Exercise data START
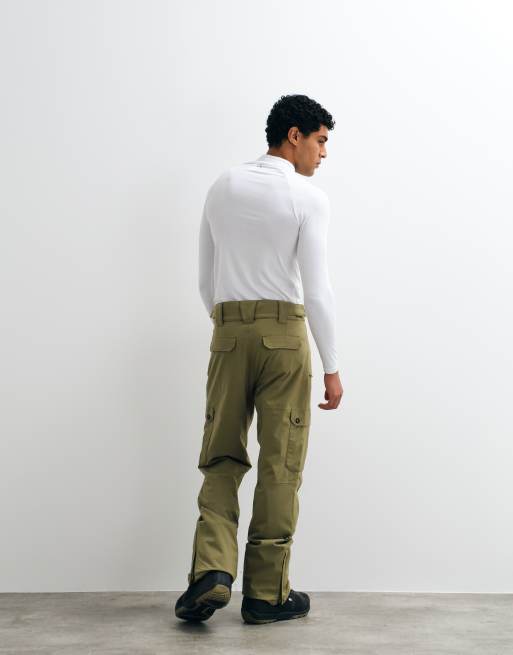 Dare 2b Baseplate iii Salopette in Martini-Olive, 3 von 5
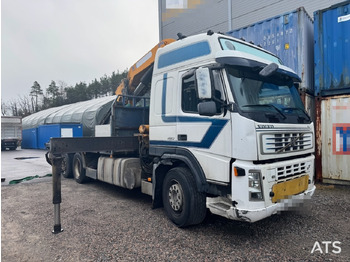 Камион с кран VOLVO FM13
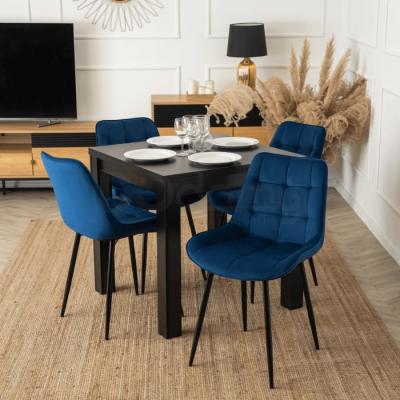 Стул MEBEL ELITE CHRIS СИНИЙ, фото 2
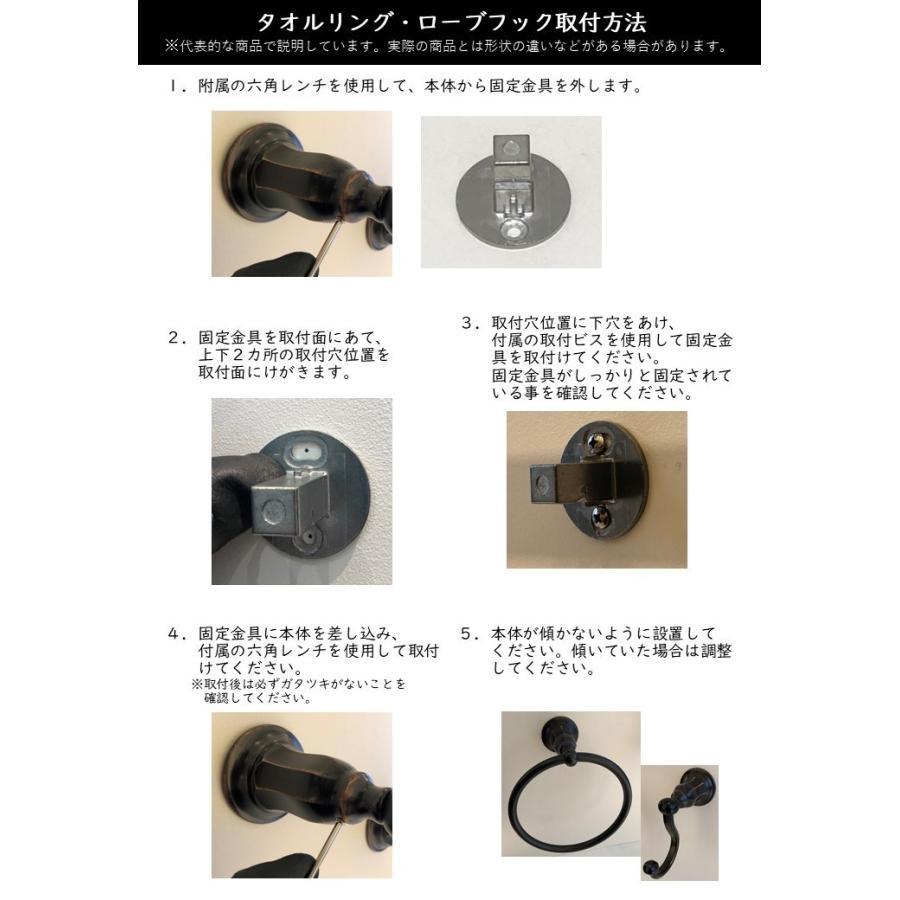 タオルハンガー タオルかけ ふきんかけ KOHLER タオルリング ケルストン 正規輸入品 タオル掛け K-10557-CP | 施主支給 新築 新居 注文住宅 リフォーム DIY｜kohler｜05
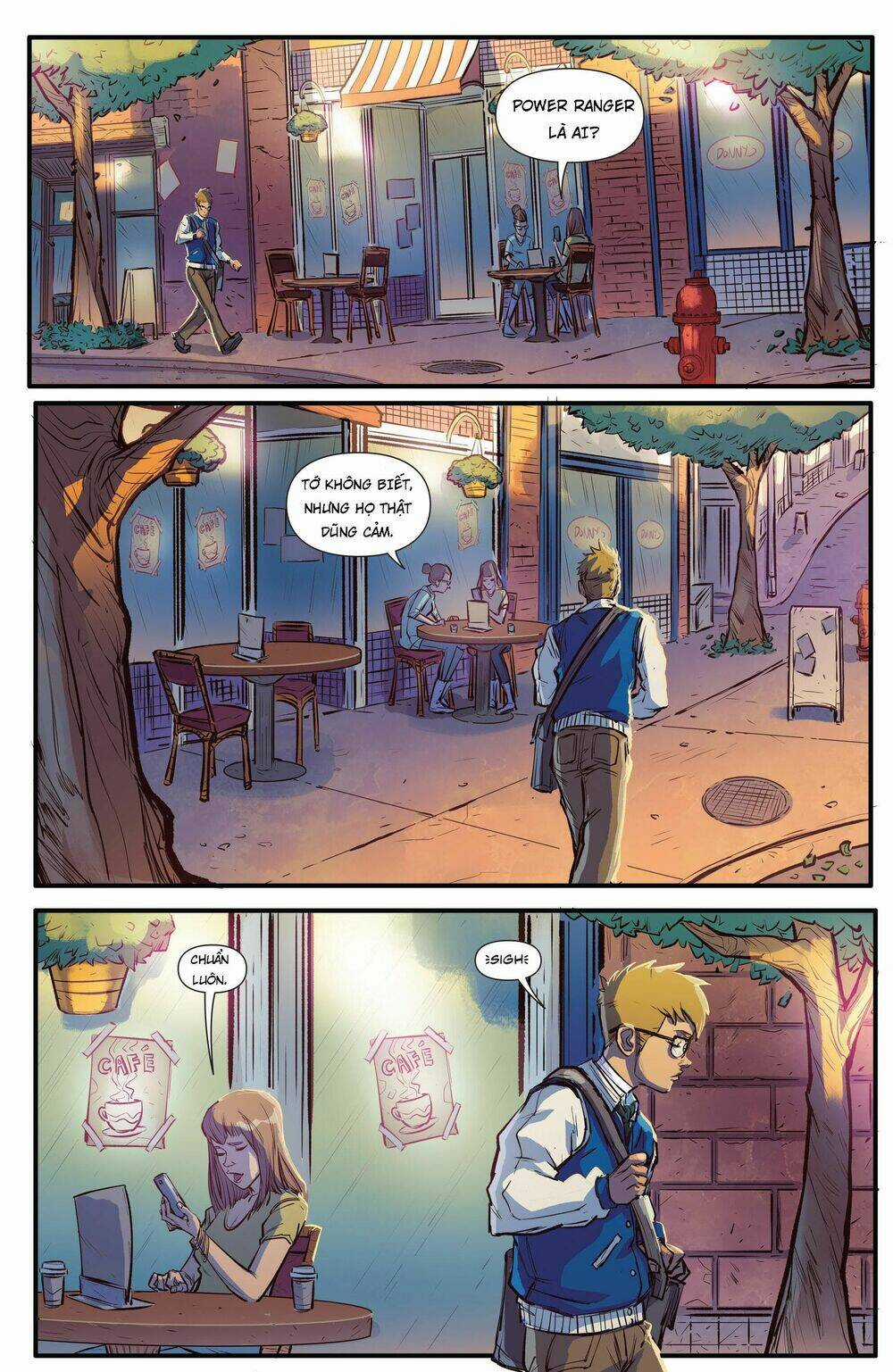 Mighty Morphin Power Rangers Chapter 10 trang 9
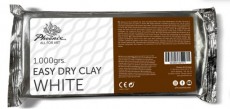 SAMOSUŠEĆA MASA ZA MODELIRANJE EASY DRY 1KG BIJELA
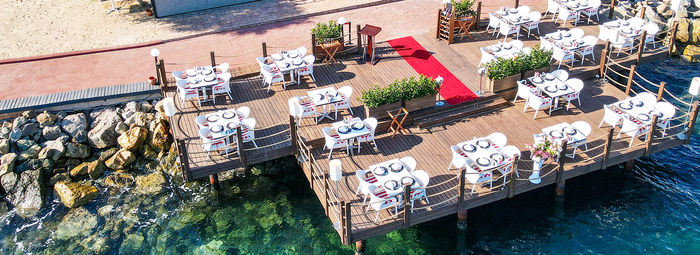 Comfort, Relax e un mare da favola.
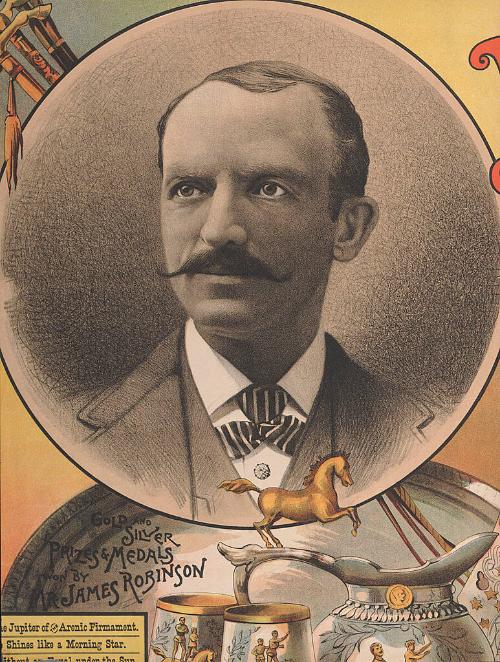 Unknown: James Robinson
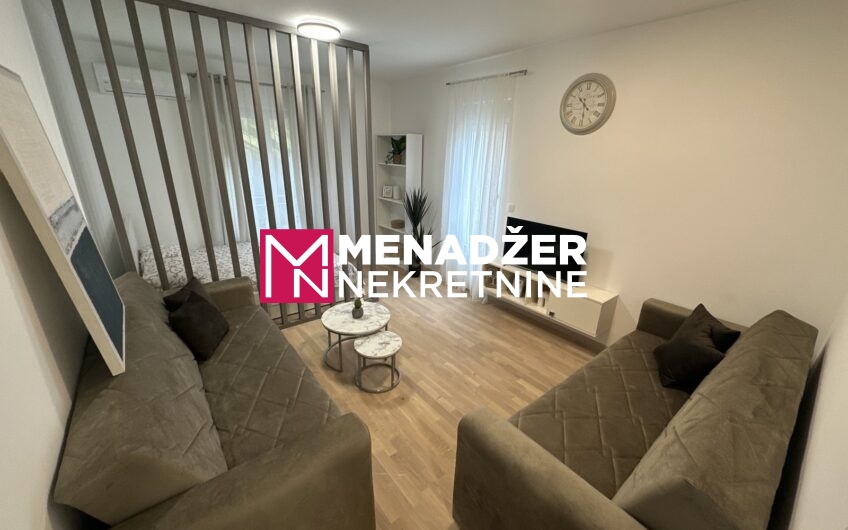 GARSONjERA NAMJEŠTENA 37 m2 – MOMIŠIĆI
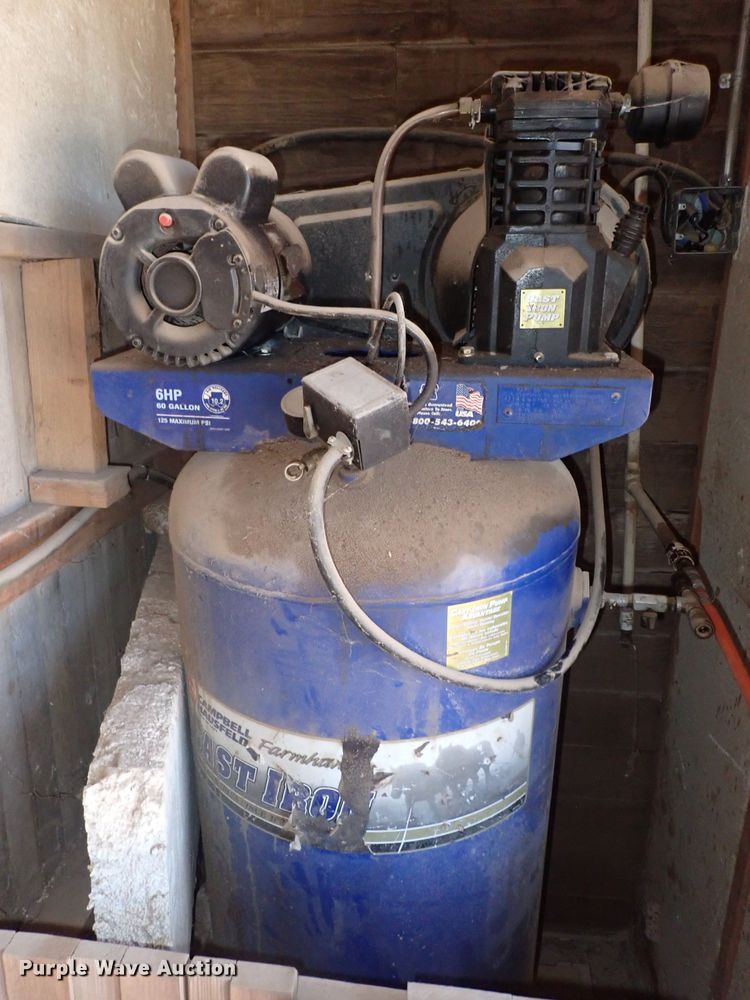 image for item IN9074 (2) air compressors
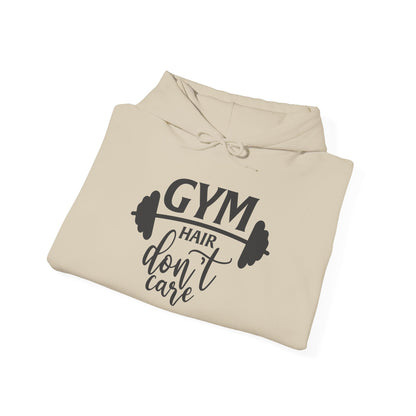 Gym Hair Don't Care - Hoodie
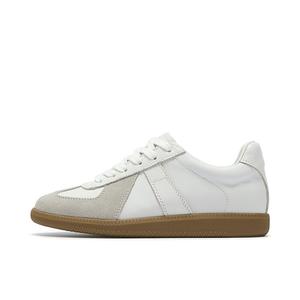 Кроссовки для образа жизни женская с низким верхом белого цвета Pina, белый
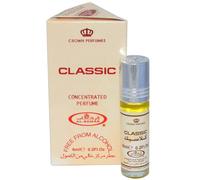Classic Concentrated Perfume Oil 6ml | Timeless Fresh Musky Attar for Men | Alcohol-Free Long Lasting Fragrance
Exercise data END
Exercise brief: Write out every record above exactly as it stands, but leave out the pictures.

Response to the task:
 Dare 2b Baseplate iii Salopette in Martini-Olive, 3 von 5
 Камион с кран VOLVO FM13
 Стул MEBEL ELITE CHRIS СИНИЙ, фото 2
 タオルハンガー タオルかけ ふきんかけ KOHLER タオルリング ケルストン 正規輸入品 タオル掛け K-10557-CP | 施主支給 新築 新居 注文住宅 リフォーム DIY｜kohler｜05
 Mighty Morphin Power Rangers Chapter 10 trang 9
 SAMOSUŠEĆA MASA ZA MODELIRANJE EASY DRY 1KG BIJELA
 Comfort, Relax e un mare da favola.
 Unknown: James Robinson
 GARSONjERA NAMJEŠTENA 37 m2 – MOMIŠIĆI
 image for item IN9074 (2) air compressors
 Gym Hair Don't Care - Hoodie
 Кроссовки для образа жизни женская с низким верхом белого цвета Pina, белый
Classic Concentrated Perfume Oil 6ml | Timeless Fresh Musky Attar for Men | Alcohol-Free Long Lasting Fragrance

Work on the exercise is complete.